Établi à partir de différent critères mesurés entre 2010 et 2012 (tels que le PIB par habitant, le libre arbitre, le support social, la sécurité, la corruption ou encore l’espérance de vie), les chercheurs en charge de l’étude ont établi des notes sur 10 pour 130 pays. Ils en ont ensuite dégagé un classement des pays où il fait le meilleur vivre.

On retrouve de nombreux pays Scandinaves dans les dix premières places du classement : le Danemark et la Norvège occupent les deux premières marches du podium, puis vient la Suède en cinquième position, la Finlande en septième et l’Islande en neuvième. A leurs côtés, la Suisse et les Pays-Bas occupent la troisième et quatrième position suivie par le Canada, l’Autriche et l’Australie, respectivement en sixième, huitième et dixième position. La France occupe une bien fade vingt-cinquième place, devant l’Allemagne.

Le rapport arrive à la conclusion que, malgré la crise financière de 2007-2008, le bonheur de la population mondiale a légèrement augmenté ces dernières années. Les auteurs de l’étude expliquent cela par les améliorations de niveau de vie observées en Afrique subsaharienne et en Amérique latine, qui compensent le déclin de certains pays industrialisés.

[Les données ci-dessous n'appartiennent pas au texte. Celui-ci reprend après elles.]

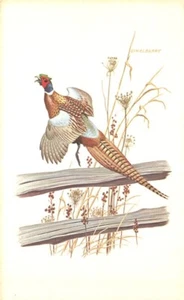 Faisán con cuello de anillo dibujado por Don Richard Eckelberry artista postal firmada - Imagen 1 de 2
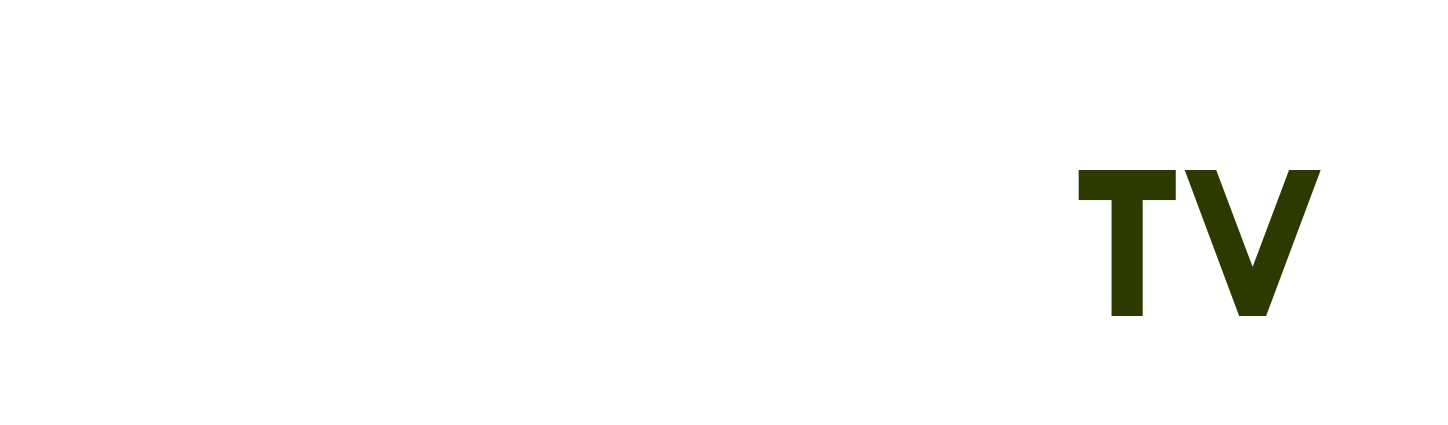 Https phwin com login - Phbet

De plus en plus de dirigeants mettent en valeur l’importance du bien-être comme objectif dans le monde. Le rapport 2013 apporte la preuve que l’analyse et la mesure systématique du bonheur peu nous en apprendre beaucoup sur la manière d’augmenter le bien-être mondiale et le développement durable“, a commenté Jeffrey Sachs, directeur du Earth Institute de l’université Columbia.